Most PSAPs expect a location success rate greater than 50%, especially in life-threatening emergencies. Although AML has helped advance the development of emergency services positioning, it still faces two challenges, reliance on GNSS and Wi-Fi. In dense urban areas with large buildings, GNSS reliability is reduced. AML relies on Wi-Fi in these areas, but this is an open source resource and there is no real audit of Wi-Fi node locations.
Next Generation Technology and Regulatory Roadmap
AML is a significant improvement over the old Cell ID level accuracy. But a 50% success rate (and slow response time) is still far from ideal. The industry, led by the US FCC, is pushing for the 80th percentile, where more than 80% of all emergency calls should provide a dispatchable location (<50m error) to a PSAP. SS8 combines mobile network and cell phone data with intelligent logic and patented positioning algorithms to produce the highest possible accuracy and reliability. The more information you can feed into the engine, the more accurate your targeting results will be.
So, now that we have the technology to deliver location information faster and more accurately, what’s stopping MNOs from rolling it out? When making network investments, MNOs have two key considerations: commercial and regulatory. Locations fall into both categories, but there is no denying that regulatory requirements are their main drivers.

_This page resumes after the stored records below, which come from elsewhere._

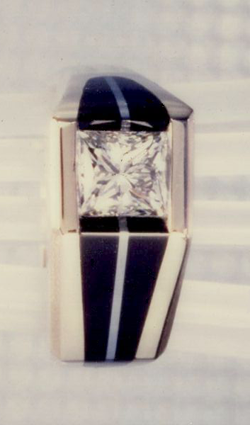 Ring inlaid with Black Jade and a narrow stripe of silvery Silicon.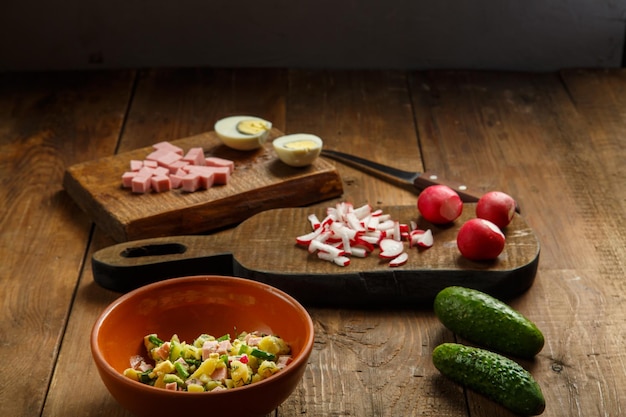 Foto salada em um prato de barro em uma mesa em uma mesa de madeira ao lado de vegetais picados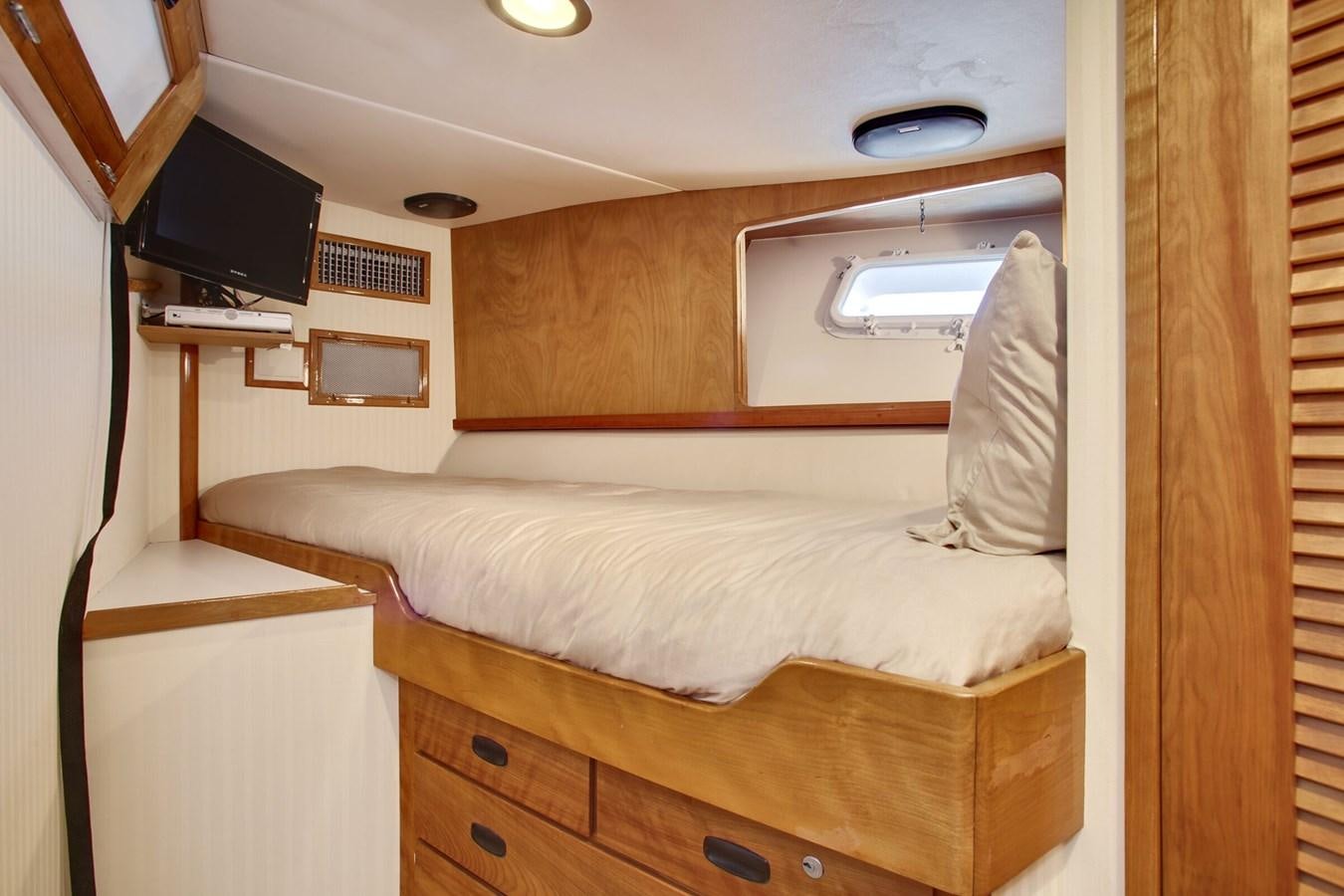 a bed in a room aboard ALEXIS Yacht for Sale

The next major location regulatory requirements are being negotiated in Europe. Mobile network operators in the EU have been asked to provide feedback on how to improve location accuracy for emergency services by the end of 2023. The EU and national governments are expected to take this feedback into account and make it mandatory for high-precision positioning solutions for emergency services to allow mobile network operators to deploy technology that works, or face hefty fines, as in the already mentioned $19.5 million case.
In recent conversations between SS8 and mobile network operators, governments and law enforcement agencies, one thing has become clear: a great deal of education is needed in the technologies available that can provide the highly accurate and reliable location these organizations rely on. The value of this technology is demonstrable and measurable, as it is already deployed in most of North America and parts of Latin America.
Incorporating Location Deployment into 5G Deployments
Convincing MNOs to adopt the game-changing technology is a bit of a stretch right now, considering we’re at least two years away from mandatory 5G. In fact, most mobile network operators are protected today from a regulatory perspective, pushing hyperlocation deployments further back on the priority list led by 5G rollout.
However, this may be the perfect time to roll out high-precision positioning technology. 5G can completely change location and potentially achieve higher levels of accuracy that are as good or better than GNSS accuracy levels.
MNOs enjoy the competitive advantage of being the first to adopt any new technology. They will relish the reputational advantage of being able to say they are the safest network, backing emergency services with the most reliable and fastest access available today.
MNOs are in a unique position. They have the opportunity to get a head start and save lives. High-precision positioning mandated by the US Federal Communications Commission (FCC) is likely to be followed by the European Union and the rest of the world. Make location your number one priority. Combine the social good of higher precision that saves lives with the business opportunity that higher precision positioning brings.